It was a refreshing week for cotton growers.
The market was up all week, with the exception of Friday’s 21 point drop, settling at 59.36, basis March – but 300 points above the 56.60 low tested last week. Exceptional export interest was noted for both Upland and Pima, as prices traded below the 58 and 59 cent mark. Too, on Thursday, USDA reported another market year record for weekly export sales – the third consecutive record sale week.
The backdrop behind this has been the rapidly increasing open interest as prices moved lower, generally indicating a very bearish market and the lifeline for the 50 cent bears. Yet, it is February now and First Notice Day for the March contract (February 23) is rapidly approaching, leaving just 15 trading days for the managed funds, including the rapidly expanding Chinese funds, to clear out their short positions.
Export sales totaled a net of 582,900 bales for the week ending January 22. These sales were comprised of 546,200 bales of Upland, 13,100 bales of Pima and 12,600 bales of Upland for the 2015-16 marketing year. This was the second largest weekly on record. Again, China was the primary buyer taking 177,700 bales of Upland, followed by Vietnam with 174,800; Indonesia with 96,500; Turkey with 35,300; and Mexico with 17,800 bales.
Too, I note the total annual purchases to date, a level of that – while not exceeding the WTO minimum – is on the brink of doing so. Most are viewing this as a de facto statement by the Chinese that they will continue to import from the U.S. In fact, it is more evidence that China is using their 2015 TRQ Quota to import machine-harvested high-grades.
I have maintained for the past two years that the Chinese would have to keep the import doors open, because they need high quality cotton (unavailable in China and generally only available in the U.S., Australia and Brazil) to mix with domestic cotton to produce an acceptable yarn. In fact, China has purchased 2,102,088 bales of Upland. Again, as has been previously warned, USDA will have to increase its import level for China and its consumption for China, Vietnam and Indonesia, Vietnam has now purchased nearly1.2 million bales from the U.S. Indonesia has already purchased more than 813,000 bales.
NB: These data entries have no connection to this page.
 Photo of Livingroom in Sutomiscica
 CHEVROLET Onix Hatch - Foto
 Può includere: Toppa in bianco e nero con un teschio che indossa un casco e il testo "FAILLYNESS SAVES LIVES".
World consumption is increasing. In fact, the market is now suggesting that the U.S. will “sell out” this year if prices do not increase. We all know the market never sells out. Price rises high enough to ration the available supply.
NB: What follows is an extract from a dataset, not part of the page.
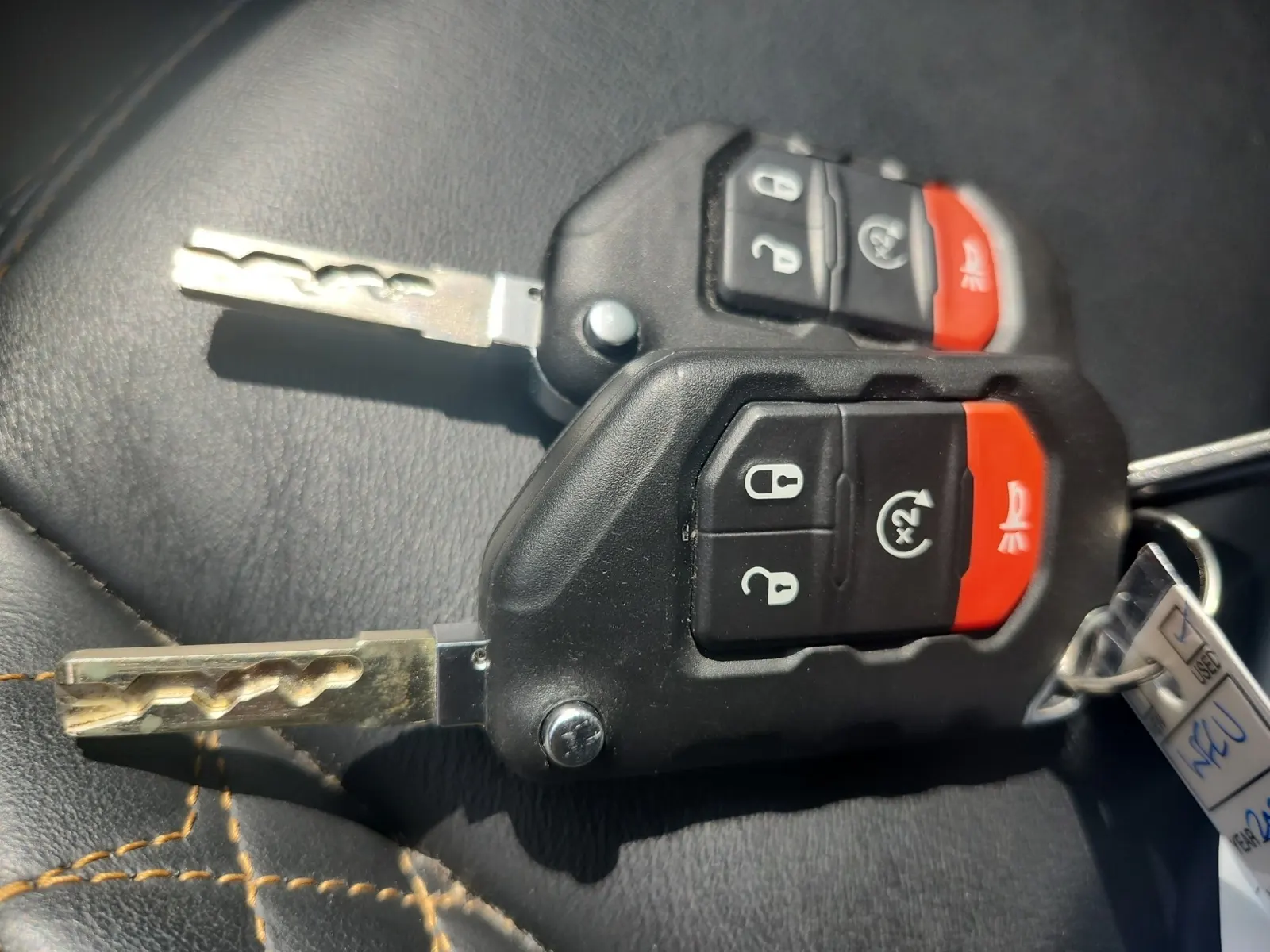 Keys/Fobs/Manual Photo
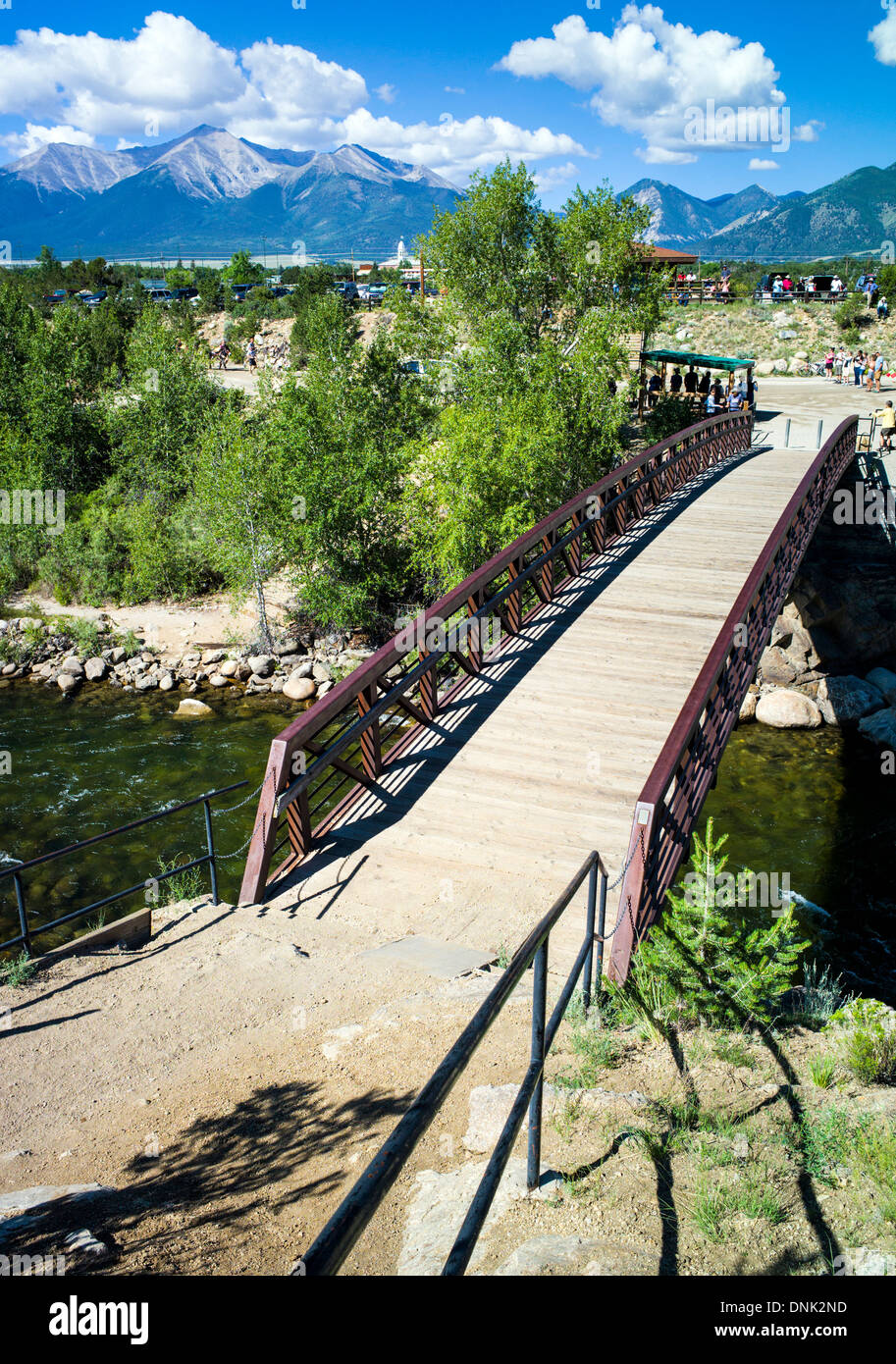 Brücke über den Arkansas River bietet Mountainbiker, Wanderer und Läufer Zugang zu Barbara Whipple Trail, Buena Vista, CO Stockfoto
U.S. export sales and shipments have now reached 9.5 million RB, or 95 percent of the USDA export estimate and the marketing year. And, literally, the year is not even half way complete, as 27 more weeks remain in the marketing year. Sales and shipments to date are 500,000 bales above the same time a year ago. Too, it means the U.S. only needs to sell 60,250 bales a week to reach the USDA estimate. Again, there are still 27 more weeks left in the year.
Total weekly shipments included 274,800 RB of Upland and 8,600 RB of Pima, reflecting the largest volume of shipments of the 2014/15 season. Shipments should begin to expand now that there is a verbal agreement between the longshoremen and the Pacific Docks. The work slowdown has been a needle in the side of the cotton industry, but all seems fine as we await the signed agreement.
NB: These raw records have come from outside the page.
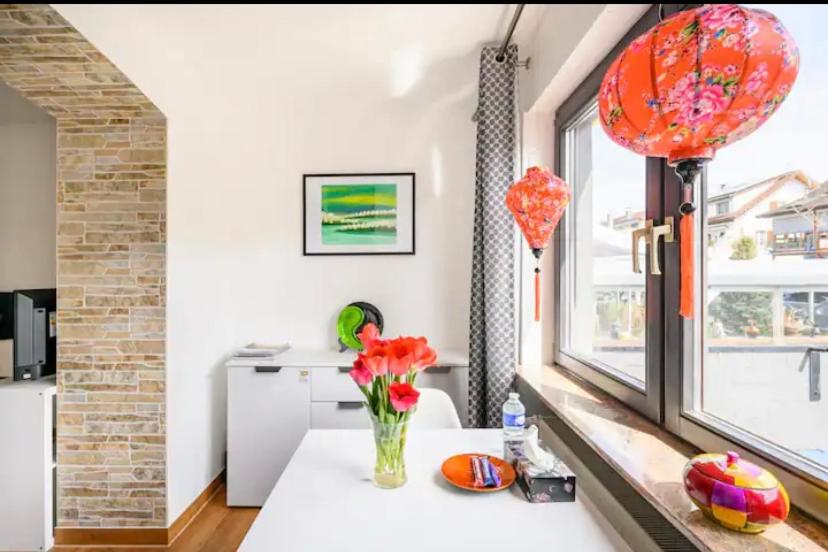 Günstiges grünes Ferienzimmer mit separater moderner Dusche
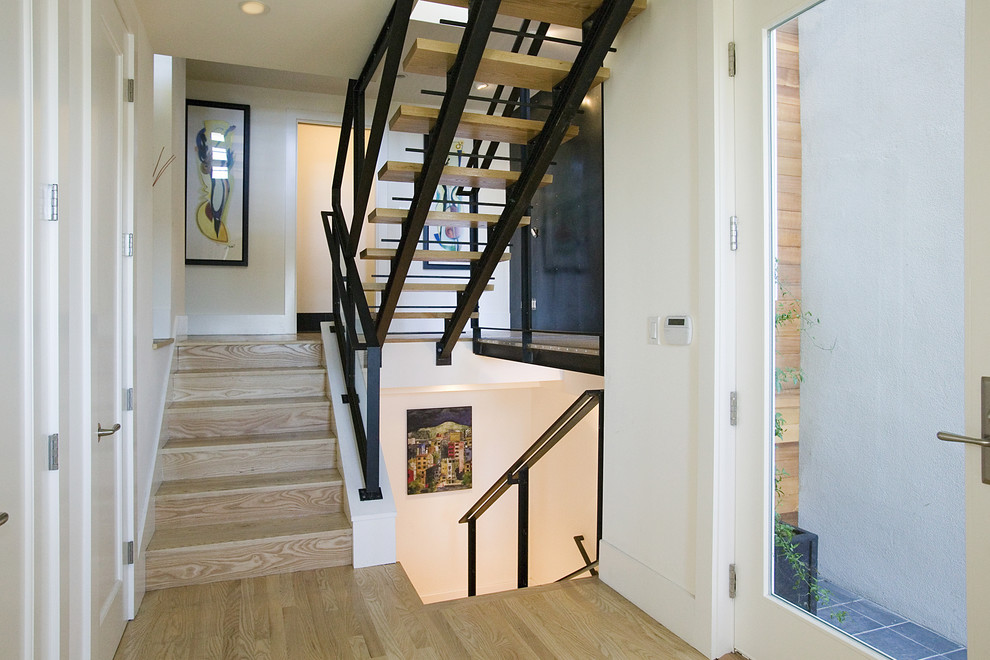Design ideas for a contemporary staircase in San Francisco with open risers.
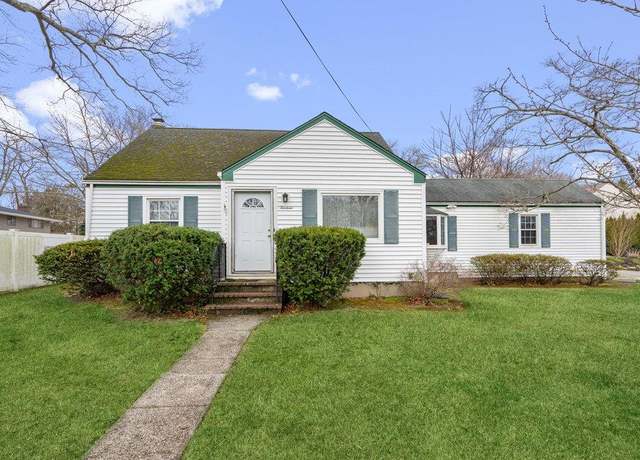 Property at 13 Vale Dr, Huntington, NY 11743, 3 beds, 1 bath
Last week, I called on USDA to increase its estimate of U.S. exports by 200,000 bales. As good as they are, they are most likely laughing at me now. It seems they may need to up the estimate a half a million bales or more. Should prices not ration the available crop, then we might sell another million bales. But there is a little pie in the sky there. The point I am making, however, is that every mill in the world will buy cotton on a weekly basis at 60 cents, basis March futures.
As far as market movement, some five million bales of shorts will have to deliver or buy their way out of the market in some 15 trading days. Certificated stocks are less than 60,000 bales. Counting what must be held off the market by U.S. coops and merchants for April to November domestic mill demand and export commitments, there are well less than five million bales available. Thus, someone will have to pay up, or we will experience the return of 150-200 cent cotton.
It is not going to happen. For the record, it is a lead pipe cinch that it will not occur. I would learn an Irish jig for 70 cents.